Relationships between ACPA and our dichotomous outcomes of RF positivity, RF-isotype positivity, high-risk profile positivity, ≥ 1 swollen joint, and ≥ 1 tender joint were calculated using a non-linear mixed model accounting for multiple visits per subject (1 visit per autoantibody negative FDR, and an average 2.62 visits per autoantibody positive FDR). This logistic regression model with random subject effects assumed a logit link function and an outcome with a Bernouilli distribution conditional on subjects. Mixed models account for multiple visits per subject by distinguishing variability between subjects from variability between repeated measurements on the same subject. These models estimate these two components separately and then using functions of these variance estimates as weights to provide the best statistically available method to adjust for differing numbers of visits per subject. Results are reported as odds ratios (OR) and 95% confidence intervals (CI). All multivariate analyses were adjusted for age, gender, ethnicity, and pack years of smoking.
Results
Characteristics of the study population at the first visit are presented in Table 1. Among autoantibody positive FDRs (n=111), mean age was 49.3 ± 17.3 years, while among autoantibody negative FDRs (n=99), mean age was 49.8 ± 17.6 years (p=0.83).
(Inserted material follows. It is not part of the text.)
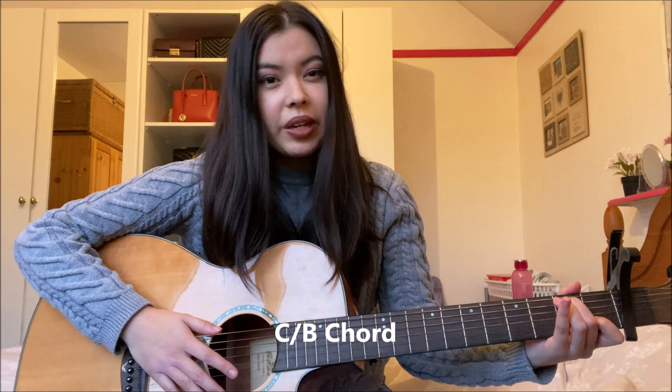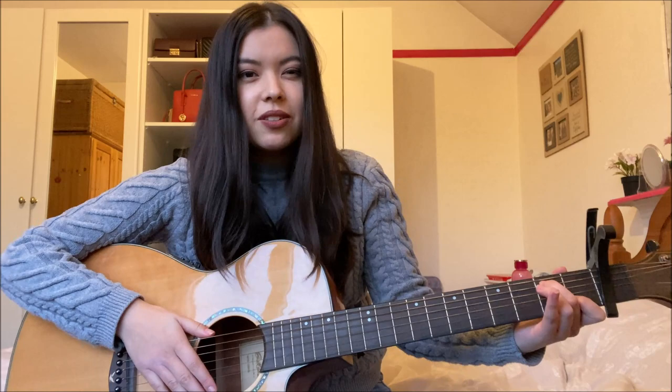The next chord you're going to need for the song is a C over B chord: first fret second string and second fret fifth string. The chord sounds like this. The last chord you're going to need is a G chord: third fret sixth string, second string and first string, and second fret fifth string. The chord sounds like this.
Both groups were 75% female and 82% non-Hispanic white (p=1.0). Thirty-two percent of autoantibody positive FDRs and 38% of autoantibody negative FDRs had ever smoked (p=0.32), while approximately 9% of both groups were current smokers. Among autoantibody positive FDRs, 9.9% had at least one swollen joint and 6.3% had at least one tender joint; among autoantibody negative FDRs, 4.0% had at least one swollen joint and 1.0% had at least one tender joint. Of the autoantibody positive FDRs, 30.6% were positive for RF by nephelometry, 17.1% were positive for the high-risk profile, and 6.3% were positive for anti-CCP2 autoantibodies.
Table 1.
Ab+ FDRs (n=111) | Ab− FDRs (n=99) | p-value | |
---|---|---|---|
Age in years: mean ± SD | 49.3 ± 17.3 | 49.8 ± 17.8 | 0.83 |
Female gender (n, %) | 83 (74.7%) | 74 (74.8%) | 1.0 |
Non-Hispanic white ethnicity (n, %) | 91 (82.0%) | 82 (82.8%) | 0.68 |
Ever smoker (n, %) | 35 (31.5%) | 38 (38.1%) | 0.32 |
Current smoker (n, %) | 10 (9.1%) | 9 (9.3%) | 0.96 |
RF neph positive (n, %) | 34 (30.6%) | 0 (0.0%) | N/A |
RF IgM positive (n, %) | 27 (24.3%) | 0 (0.0%) | N/A |
RF IgG positive (n, %) | 37 (33.3%) | 0 (0.0%) | N/A |
RF IgA positive (n, %) | 21 (18.9%) | 0 (0.0%) | N/A |
Anti-CCP positive (n, %) | 7 (6.3%) | 0 (0.0%) | N/A |
High-risk profile positive (n, %) | 19 (17.1%) | 0 (0.0%) | N/A |
Number of ACPA: mean ± SD | 2.3 ± 4.0 | 1.4 ± 2.8 | 0.08 |
ACPA ≥9 (n, %) | 14 (12.6%) | 7 (7.1%) | 0.18 |
Swollen joints (≥1) on exam (n, %) | 11 (9.9%) | 4 (4.0%) | 0.10 |
Tender joints (≥1) on exam (n, %) | 7 (6.3%) | 1 (1.0%) | 0.045 |
Fourteen Ab+ FDRs (12.6%) and 7 Ab− FDRs (7.1%) were positive for at least 9 APCA (p=0.18) (Table 1). As an entire group, Ab− FDRs were positive for a mean of 1.4 ± 2.8 ACPA, only one ACPA less than the mean in Ab+ FDRs (2.3 ± 4.0) (p=0.08). A greater proportion of Ab+ FDRs were positive for citrullinated clusterin 5 (231–250), and citrullinated cyclic vimentin (58–77) compared with Ab− FDRs (p=0.002 and p=0.045, respectively). The percent of FDRs positive for each ACPA by visit are shown in Figure 2.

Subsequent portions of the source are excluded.